Que el enamoramiento funciona como una droga intrínseca es cada día más aceptado, en tanto que crea dependencia (cuando nos impacta, tenemos la sensación de que no somos capaces de vivir sin él), tolerancia (nos sentimos insatisfechos y queremos siempre más) y abstinencia (si se acaba, el organismo se desorganiza y sufre a mares). Pero la biología es muy inteligente y no deja que nos aficionemos demasiado, ya que después de cierto tiempo el cerebro se dañaría por la elevada estimulación. Así que el enamoramiento tiene un tiempo limitado (aunque reconozco que, en ciertos casos, parece haber excepciones en algunos individuos). Las investigaciones realizadas en diversas culturas coinciden: su fase activa dura de dieciocho a treinta meses. No es que pasemos del éxtasis a la depresión, sino que la locura se modera y se acomoda a una realidad menos vertiginosa: la montaña rusa se endereza y baja de velocidad. Este descenso en el ímpetu emocional no siempre es aceptado por los usuarios del amor y a muchos les produce una profunda decepción detectar que la «droga» ya no está presente. Es entonces cuando salen a buscar nuevas dosis. A estos sujetos se los conoce como los «enamorados del amor», o mejor sería llamarlos «adictos al amor», a la pasión, a las sensaciones que genera el romance fogoso. En estos casos, las distintas conquistas sólo son una excusa, un medio para producir los compuestos químicos requeridos por el organismo.

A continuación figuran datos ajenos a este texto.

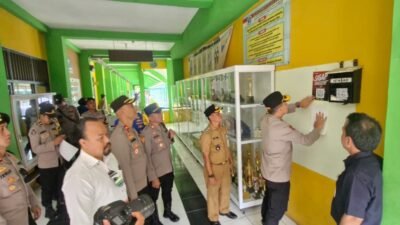 Inovasi Kapolres Kepulauan Seribu: Sosialisasi Layanan Maksimal Lewat Barcode Anti Bullying dan Jaga Laut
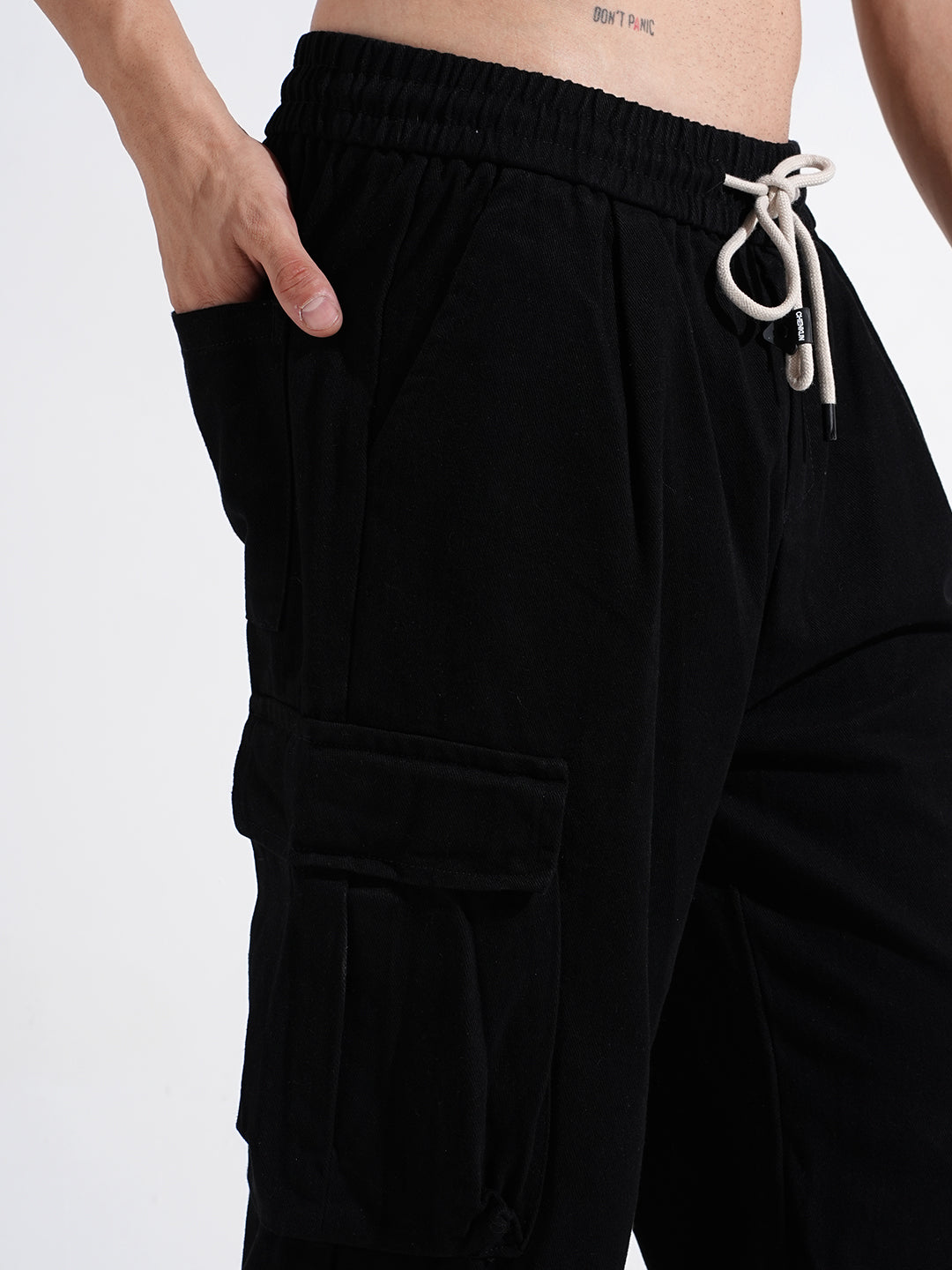 Men's Black Straight Fit Cargo Trousers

Una mujer se lamentaba: «No quiero que se acabe lo que siento, ¡yo era feliz con aquella sensación de ahogo!». Traté de hacerle ver que el amor por su pareja no había desaparecido, sino que había sufrido un cambio en la modalidad: lo amaba de otra manera, más tranquila y serena. Pero ella quería el sudor en las manos y el corazón latiendo a mil kilómetros por segundo. Confundía enamoramiento con amor, pero no le quedaba más remedio que aceptar el bajón, ya que no podemos generar enamoramiento a voluntad.
En las lides del enamoramiento, el organismo hace lo que le da la gana, o sería mejor decir: la naturaleza obra de acuerdo con su mejor parecer y conveniencia para la supervivencia de la especie. Como si dijera: «Usted ya tuvo su dosis, señora. Lo que ahora debe hacer es construir una relación afectiva utilizando también la cabeza, si no ¿para qué cree que he trabajado millones de años en desarrollar la mente humana? ¡Úsela!». Mi paciente no quería usarla. Le desagradaba en extremo un amor pensado y menos efusivo. Lo que quería era una lluvia de emociones, mariposas en el estómago y babear por el otro como si sufriera de alguna lesión cerebral. Vivía como una adicta saltando de relación en relación, hasta que el enamoramiento se extinguiera en cada vínculo. Solía decirme: «Tengo problemas con el amor, no doy con la persona indicada». Y era verdad que no lo entendía: había idealizado un «estado bioquímico» transitorio y de manera infantil esperaba que ese estado febril de enamoramiento se convirtiera en eterno junto a un alma gemela inexistente.